Wiedemann-Franz law

The Wiedemann-Franz law describes the relationship between the electrical conductivity and the electrical component of the thermal conductivity of a metal. It quantifies the idea that metals that are good electrical conductors are also good thermal conductors. The usual statement of the Wiedemann-Franz law is,

\begin{equation} \frac{K}{\sigma} = LT. \end{equation}

Here $K$ is the electrical component of the thermal conductivity, $\sigma$ is the thermal conductivity, $T$ is the absolute temperature, and $L$ is the Lorentz number.
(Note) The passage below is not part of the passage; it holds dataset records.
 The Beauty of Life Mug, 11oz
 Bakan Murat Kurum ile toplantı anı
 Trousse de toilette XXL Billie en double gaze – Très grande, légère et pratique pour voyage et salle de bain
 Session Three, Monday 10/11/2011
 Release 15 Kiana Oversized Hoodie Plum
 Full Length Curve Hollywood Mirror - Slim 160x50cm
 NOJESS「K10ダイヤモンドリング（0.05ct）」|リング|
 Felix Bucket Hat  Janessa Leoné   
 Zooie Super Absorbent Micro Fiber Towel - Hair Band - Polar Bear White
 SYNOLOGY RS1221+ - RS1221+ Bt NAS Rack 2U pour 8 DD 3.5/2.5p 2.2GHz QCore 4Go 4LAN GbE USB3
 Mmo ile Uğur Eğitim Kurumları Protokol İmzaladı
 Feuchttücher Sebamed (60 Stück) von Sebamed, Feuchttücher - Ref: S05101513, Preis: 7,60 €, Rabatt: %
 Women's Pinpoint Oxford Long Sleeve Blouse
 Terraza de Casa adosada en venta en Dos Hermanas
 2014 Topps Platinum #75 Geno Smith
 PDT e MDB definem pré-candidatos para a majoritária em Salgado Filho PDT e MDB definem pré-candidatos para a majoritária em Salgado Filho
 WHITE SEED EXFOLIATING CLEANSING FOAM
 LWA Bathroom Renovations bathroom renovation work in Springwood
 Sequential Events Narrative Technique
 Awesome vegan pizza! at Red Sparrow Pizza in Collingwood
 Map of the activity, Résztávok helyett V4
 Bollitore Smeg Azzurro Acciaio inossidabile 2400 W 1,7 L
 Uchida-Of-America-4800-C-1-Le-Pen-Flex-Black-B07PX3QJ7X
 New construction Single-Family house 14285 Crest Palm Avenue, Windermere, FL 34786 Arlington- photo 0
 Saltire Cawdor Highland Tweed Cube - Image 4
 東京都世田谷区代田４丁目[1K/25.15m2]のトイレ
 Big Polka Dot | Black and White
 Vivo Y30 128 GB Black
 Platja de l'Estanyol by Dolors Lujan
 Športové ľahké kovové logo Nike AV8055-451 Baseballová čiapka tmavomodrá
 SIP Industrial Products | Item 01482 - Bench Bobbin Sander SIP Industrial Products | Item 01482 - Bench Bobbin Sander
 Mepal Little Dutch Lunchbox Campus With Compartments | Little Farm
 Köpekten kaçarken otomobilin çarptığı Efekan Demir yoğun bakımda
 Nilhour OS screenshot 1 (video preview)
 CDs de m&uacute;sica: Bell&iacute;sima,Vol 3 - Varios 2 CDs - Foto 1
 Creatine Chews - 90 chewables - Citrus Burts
For the free-electron model, the electrical and thermal conductivities are,

\begin{equation} \sigma =\frac{ne^2\tau}{m^{*}}\qquad K=\frac{\pi^2\tau n k_B^2T}{3m^*}. \end{equation}

The Lorentz number for free electrons is,

\begin{equation} L = \frac{\pi^2 k_B^2}{3e^2} = 2.44\times 10^{-8}\,\text{W}\,\Omega\,\text{K}^{-2}. \end{equation}

Generally, both $K$ and $\sigma$ are matrices so when the crystal does not have a high symmetry, the general relationship between them would be described by a fourth-rank tensor.